Tuesday, July 3, 2012

Dark Inspiration

So you really, truly believe that for art there is no need for the seemlier side of life, in fact art precludes any kind of vulgarity or common behavior and is loftier than any of that, so there!

Okay, then I suppose all of those Impressionists did all of their work in the malls and galleries of Paris and never once spent long evenings at the Moulin Rouge sipping absinthe and fondling the knee of a dancer?

You do know why the English were so scandalized by the dancers at the Moulin Rouge?

No. No, wait; it was the Can Can, a dance so common that no person of quality would watch it.

Yeah, right and Vinnie the Gogh sliced off his ear cause he mistook it for a melon.

The dancers at the Moulin Rouge caused such a stir in the fine salons of Paris, London and Vienna cause they did their dance sans under garments. That’s right they went commando and while you and I might not be shocked at the idea of a woman without all of her clothes on in public, you can bet the nice Victorian folks didn’t feel that way.

Okay, the nice Victorian lady type folks were shocked and horrified. The not-so-nice Victorian men folk were delighted and came back for more. Going commando was a big draw and the owners made sure the gentlemen had enough to drink to be certain that they would stay well beyond their bedtimes and on into the early morning.

Yes, I know you don’t really care about how the girls at the Moulin Rouge earned their questionable living, but you do care about the notion that sin and sex and lust and greed, fun, fun, fun make for a lot better art than do the proper and staid gentle folks of any period.

Ever see a painting of Vespers or how bout the inner workings of a tent revival?
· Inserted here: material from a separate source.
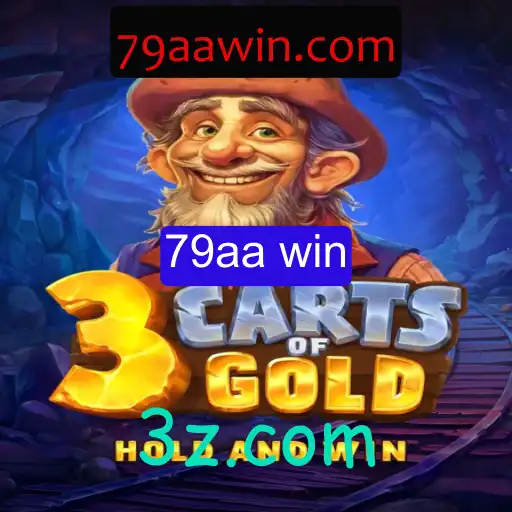 Explorando o Fascinante Mundo de 3cartsOfGold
Now, I for one, know a thing or two about tents and revivals having grown up as much as I was ever going to in the Bible Belt and having heard the Word sung loud and long from nearly every river side and fair ground round ole Gravel Pit and I can tell you that for all of that shouting and saving there was a powerful lot of sinning going on in the parking lots.

But no artist I have encountered ever dared to paint it.
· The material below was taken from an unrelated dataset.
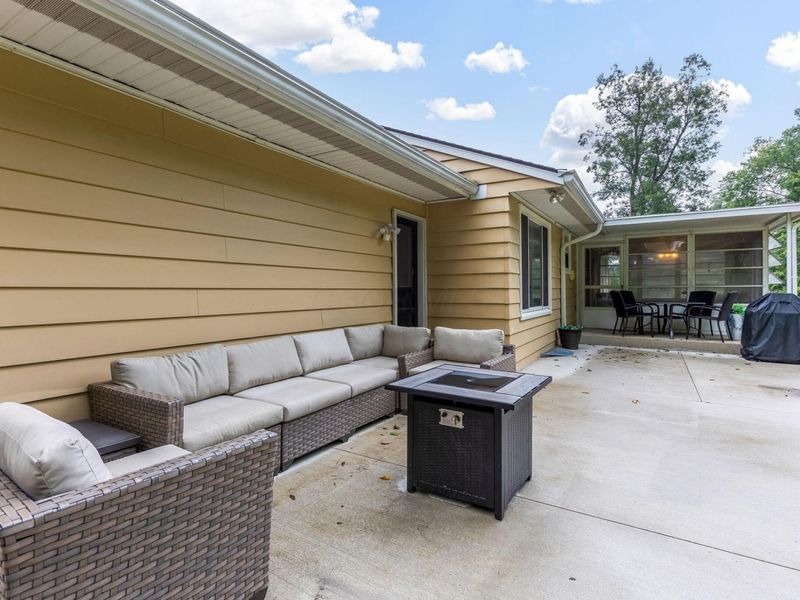 154 Alameda Court , Lancaster, OH 43130 Photo 56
No artists were much more likely to be found in the bars and brothels and dance halls where they could find inspiration in the spirits, the ladies and the music cause the very best of all sorts of things happened to be available to keep the gents spending their money.

No one ever accused a barrel-house owl of excessive sobriety.
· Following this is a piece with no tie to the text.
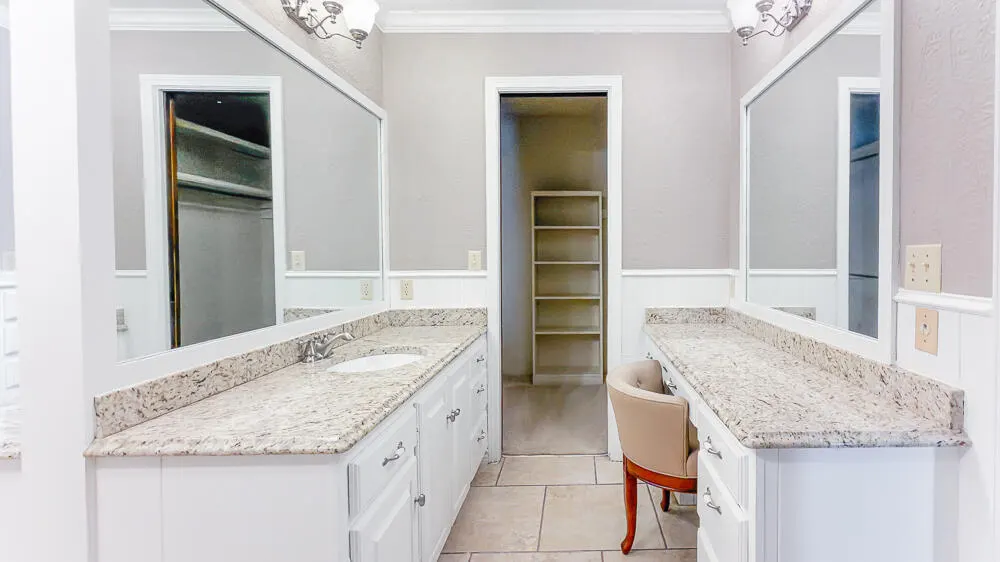 Photo 27 — 1113 Creekmere Drive, Canyon, TX 79015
Louie Armstrong got his chops playing in houses which were not homes and his music is the stuff of legend.

Sure Mozart and Beethoven and Bach played the Big Rooms but then they didn’t hammer it out eight to the bar so it didn’t really swing and how could you get in the mood if it weren’t swinging?

Besides in those days before the paparazzi and the Twitterverse, finding a lady who would take off all of her clothes and let you paint her was the sort of thing that could only be done in a place where the ladies did that sort of ting professionally, cause even the married painters didn’t have wives who would get all together in the buff cause in Victorian times ladies didn’t get in the buff, they didn’t have a buff and if you asked them about being in the buff they would smack you aside the head and the call the cops which actually happened a lot to painter type guys which is the sort of thing which can be sort of discouraging and probably the reason why they stayed in the bars and brothels in the first place.

So there’s a long history of artists living a Bohemian lifestyle which was social shorthand for sleazy, sinful, drunken, lecherous, not socially proper kind of living.

Can you make art without doing the deviant sort of thing? Sure, there are lots of flowers and boats, sunsets and pets, fruit and bowls and they all have a place in the art of the serious creator, but so does the life that we try hard to keep under cover.

Have you tried the traditional art lately? Have you taken out your flashlight and pulled up the rug to see what’s been swept under it?  There is plenty for you to do without taking that look…

Plenty but not for Degas, Lautrec, Goya, Cezanne or Renoir, could they have it all wrong?